La première tendance est sous la houlette du pouvoir représenté par la coordination des parlementaires et des partis de l’opposition démocratique ainsi que l’UPR. Cette coalition politique met en avant une feuille de route pour une concertation nationale en plusieurs étapes dont l’objectif est d’arriver à un consensus sur les questions d’intérêt national. Ould Ghazouani entend tirer des leçons d’une décennie d’autoritarisme du régime de Ould Aziz qui a imposé des réformes constitutionnelles et bafoué les libertés et la citoyenneté. Sa normalisation des relations avec l’opposition et les autres partis du pays est considérée comme un premier vers l’apaisement politique et une chance pour nouer le dialogue politique auquel l’opposition aspire depuis la constitution de 1991 qui reconnaît le multipartisme.

La Mauritanie qui traverse toujours une crise politique en sourdine née des évènements de 89 au cours desquels plus de 600000 négro-mauritaniens de la vallée ont été déportés vers le Sénégal et le Mali. 20 000 réfugiés du Sénégal sont rentrés officiellement en 2008 et près de 15000 au Sénégal et au Mali attendent toujours leur retour dans des conditions difficiles dans des camps de fortune. Et l’histoire retiendra encore une autre page sombre qui est loin d’être tournée avec l’assassinat de 28 soldats négro-mauritaniens en 1991 à Inal au Nord du pays.

Des exactions qui s’inscrivent dans le cadre de la politique d’épuration ethnique du génocidaire Ould Taya. Les veuves et orphelins attendent toujours les corps pour des sépultures dignes. Ces deux plaies des Mauritaniens sont loin d’être cicatrisées parce que les pouvoirs successifs depuis la chute de Ould  Taya en 2005, ont tourné le dos à la réconciliation nationale qui passe par le règlement du passif humanitaire. Un point cardinal pour l’opposition contre le système symbolisée par l’AJD-MR, les FPC, TPMN, la CVE et le premier parti de l’opposition TAWASSOUL.
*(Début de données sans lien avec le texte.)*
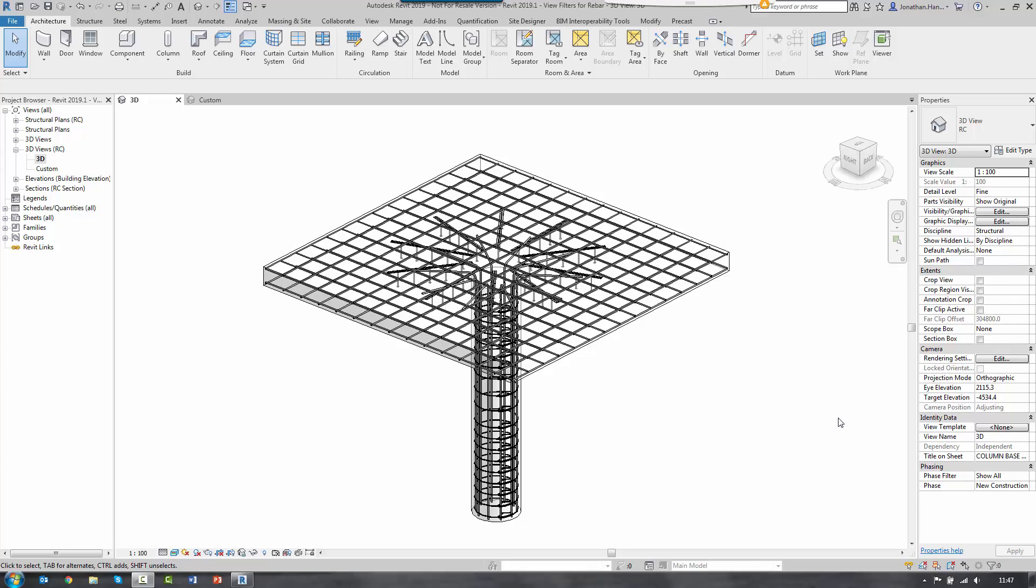Hi there, welcome to this quick tutorial video using the very latest version of Autodesk Revit 2019.1. Today I'm going to show you how to create some view filters to color code the rebar based upon the bar diameter.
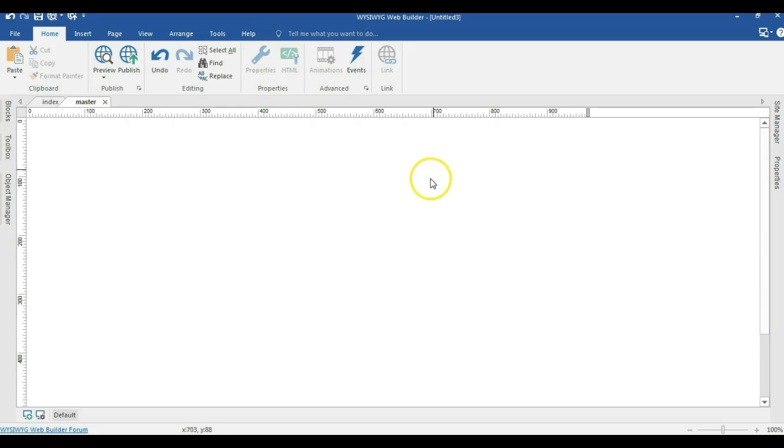Hello guys, this is Dabs Nishmel. In this video let's take a look at how to create a stick-to-the-top navigation using layout grid.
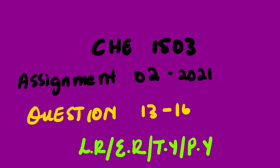Our lesson for today will be looking at Chemistry 1503. We are going to focus on assignment number 2, 2021, questions 13 to 16, which deal with the limiting reagent, excess reagent, theoretical yield, and percentage yield.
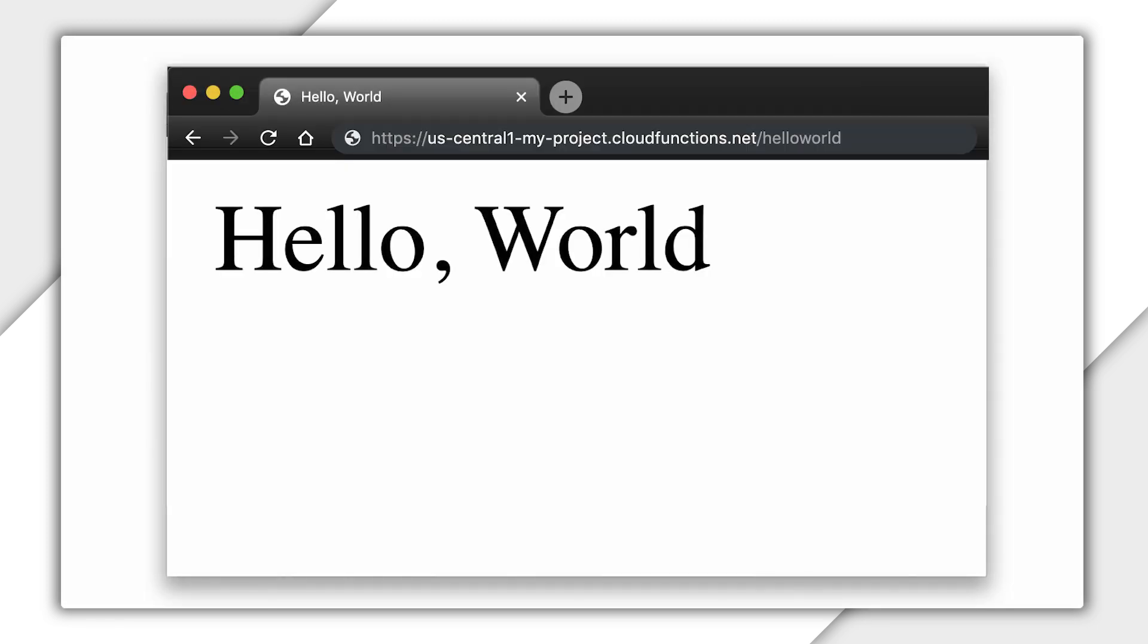If I copy the URL and paste it into my web browser, I'll invoke my function. But where did our console.log statements go? Vinny?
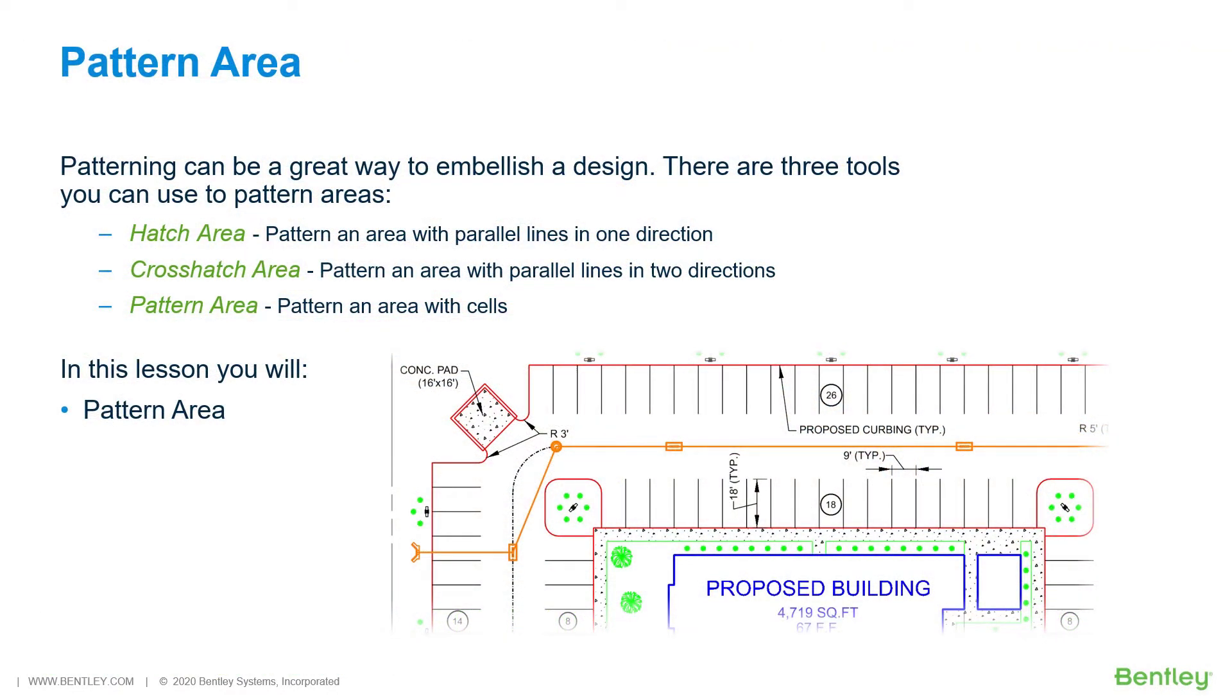Pattern Area. Patterning can be a great way to embellish a design. There are three tools you can use to pattern areas.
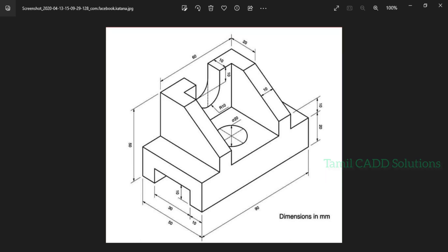Welcome to Tamilcat Solution. In this video, we will talk about how to model this object in SOLIDWORKS. There is already a video called Practice Drawing No.1, and a video called Detailing and Modeling. Click on the link in the description of the video.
Ces partis sont rejoints par l’APP dont le président qualifié par les observateurs d’opportuniste veut négocier pour la seconde fois avec Ould Ghazouani. C’est la deuxième tendance qui appelle de tous ses vœux à un dialogue national pour résoudre les vrais problèmes du pays qui tournent essentiellement sur un retour d’un Etat de droit contre l’impunité, un État égalitaire qui passe des réformes de l’éducation nationale, de l’administration, une nouvelle politique agricole du Sud qui rejette l’accaparement des terres de la vallée au profit des investisseurs étrangers, une gouvernance démocratique qui passe par la révision du système électoral.

Au-delà de cette querelle sémantique, c’est le principal enjeu de la prochaine concertation qui est pointée du doigt par les observateurs qui pointent la nécessité de l’opposition radicale de participer aux assises pour faire entendre sa voix et sa différence sur les questions qui fâchent. C’est une opportunité politique malgré une feuille de route imparfaite et à laquelle elle n’a pas élaboré. Une chance pour une alternance démocratique apaisée à laquelle aspire les Mauritaniens depuis 1978. Elle doit saisir cette occasion pour apporter sa contribution à la question nationale, la cohabitation.

 

 

 

 

 

Cherif Kane

Coordinateur journaliste

 

 

 

 

 

 

(Reçu à Kassataya.com le 27 août  2021)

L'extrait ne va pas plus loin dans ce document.